Uncertainty in wavelength and position

[Saptarshi Sarkar]

Homework Statement

Wavelengths can be measured with accuracies of one part in 10⁴. What is the uncertainty in the position of a 1A X-Ray photon when its wavelength is simultaneously measured?

Relevant Equations

$ΔxΔp>=\frac {\hbar} 2$

In my attempt to solve the problem, I used the formula for de-Broglie wavelength $p=\frac h λ$ and differentiated both sides to get $Δp = \frac {hΔλ} {λ^2}$.

Plugging this equation into the Heisenberg's position and momentum uncertainty principle formula and calculating the minimum uncertainty in momentum, I got

$Δx=\frac {\hbarλ^2} {2hΔλ} = 7.96 × 10^{-22} m$

The solution looks toο small to me. I am not sure if the value of $Δλ$ is $10^{-4}$ which I used in the calculation. I am not quite sure what one part in $10^4$ means for the uncertainty in λ.

 

[kuruman]

You are given that $\dfrac{\Delta \lambda}{\lambda}=\dfrac{1}{10^4}$. Did you use that in your equation for $\Delta x$?

 

[Saptarshi Sarkar]

You are given that $\dfrac{\Delta \lambda}{\lambda}=\dfrac{1}{10^4}$. Did you use that in your equation for $\Delta x$?

No, I used $Δλ = 10^{-4}$. I was confused what accuracy of one part in $10^4$ meant.

The answer should be $7.96 \times 10^{-12}m = 0.0796 A$ then.

Thanks for the help!

 

[PeroK]

Plugging this equation into the Heisenberg's position and momentum uncertainty principle formula and calculating the minimum uncertainty in momentum, I got

$Δx=\frac {\hbarλ^2} {2hΔλ} = 7.96 × 10^{-22} m$

The solution looks toο small to me. I am not sure if the value of $Δλ$ is $10^{-4}$ which I used in the calculation. I am not quite sure what one part in $10^4$ means for the uncertainty in λ.

I think you may have taken $\Delta \lambda = 10^4m$ there!

"One part in $10^4$" means $0.01 \%$

 

[kuruman]

No, I used $Δλ = 10^{-4}$. I was confused what accuracy of one part in $10^4$ meant.

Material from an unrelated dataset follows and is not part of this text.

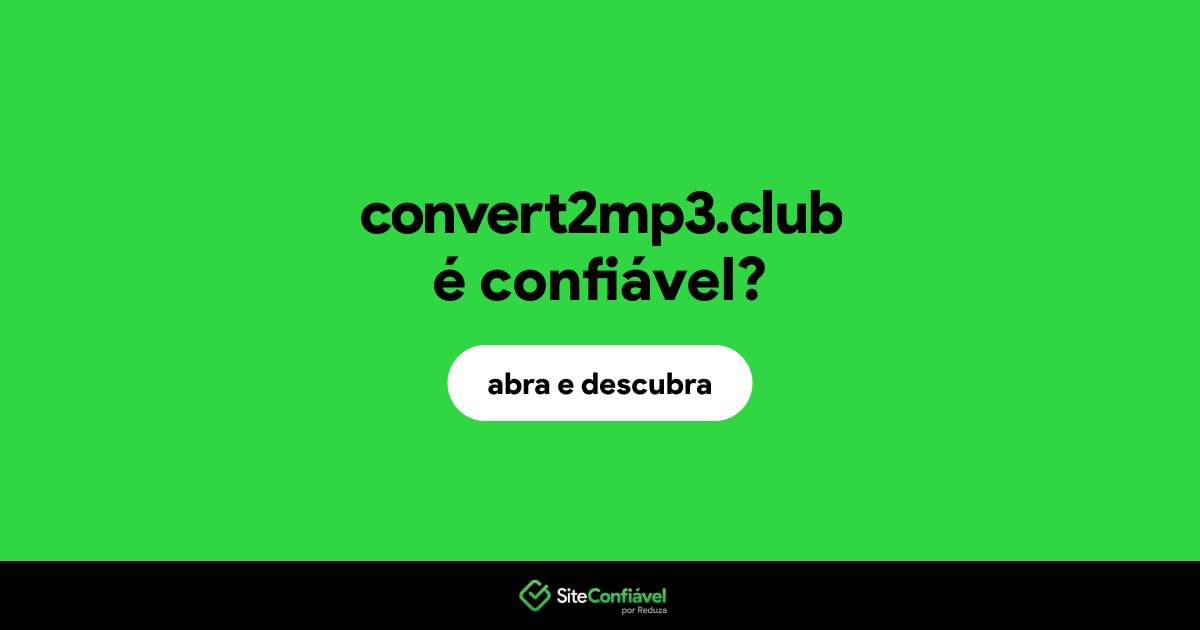 O site convert2mp3.club é confiável?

The answer should be $7.96 \times 10^{-12}m = 0.0796 A$ then.

Thanks for the help!

Considering that this is an order of magnitude calculation, I would go with 0.08 A to one significant figure.

 

[Cutter Ketch]

Is it just me, or is anyone else getting $10^4$ larger?

 

[PeroK]

Is it just me, or is anyone else getting $10^4$ larger?

I agree, $\lambda^2 = 10^{-20}m, \ \Delta \lambda = 10^{-14}m$, which leads to $\approx \frac{1}{12} \times 10^{-6}m \approx 8 \times 10^{-8}m$

 

[Cutter Ketch]

I think this is just a calculator error. It helps if you remember what @kuruman said in post 2 and simplify your expression for $\Delta$x algebraicly before putting in numbers.